The Wahiba Sands cover an area of 12 500 square kilometres in between Muscat and Sur and are what we all imagine true desert to be. The golden sand dunes reach to the horizon and beyond and seem to undulate as the wind blows across their slopes. The sand moves so much that it’s hard for even a seasoned local like our guide and driver Yahya to find the entrance to the road that will take us deep into the interior of the desert.
Our first stop is at a Bedouin home – their permanent winter camp is set between the dunes with tents surrounded by a wire fence to keep the camels and goats out. The girls of the family greet us as honoured guests, with dates and mint tea in fragile coloured glasses. They show us their handcrafts, woven from goat hair and richly coloured, and encourage us to buy a mat, a key ring or even a mobile phone case.
We leave their camp and travel further into the desert. We pass many camels with their calves. One is so young it is only just upright and stays close to its mother’s side. We arrive at the Safari Desert Camp and are welcomed with yet more dates and the traditional Omani dessert Halwa, a sweet and sticky confection of date syrup and almonds which is reserved for special occasions. Our home away from home this night is a magnificent Bedouin tent furnished with traditionally embellished beds, drawers and chests, and decorated with enormous cushions made from brightly coloured fabrics shot with silver and gold thread.
Later in the afternoon we drive out beyond the camp for some dune bashing. It’s a hair raising experience as we climb up the steepest dunes and continue to go higher and higher. Finally we stop and leave the car to walk up even further. Just when I think we’ve reached the summit of the highest dune there’s another behind it. The colours of the desert change minute by minute as the sun starts to set and the lights of the camp come on more than one hundred metres below us. Even after the sun has dipped below the horizon the light in the sky reflects on the sands in an ever changing palette.
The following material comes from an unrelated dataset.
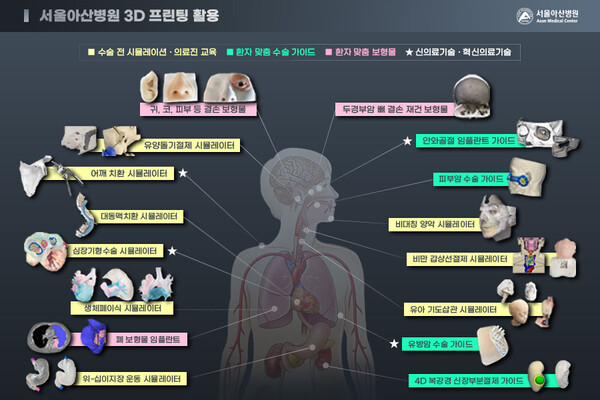 서울아산병원의 3D프린팅 활용 예시. /서울아산병원 제공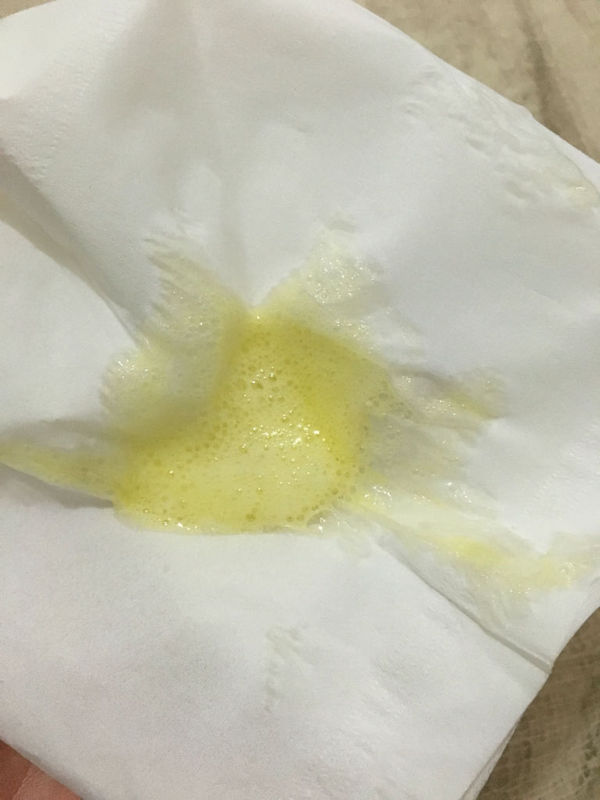 狗一岁前天给它吃的猪肝和猪蹄,昨天拉肚子没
The only sound comes from the light breeze that blows across the top of the dunes. Only when it is completely dark do we walk back to the car for the precarious ride straight down the slope to the plain below.
Our evening meal is a traditional Omani barbecue of lamb, goat and chicken with salads, rice and breads, which we eat while sitting cross legged on plump cushions at traditional Bedouin tables. After dinner we sit outside admiring the multitude of stars in a sky lit by a full moon which rises over the sand dunes and guides us back to our tents at the end of a once in a lifetime Arabian night.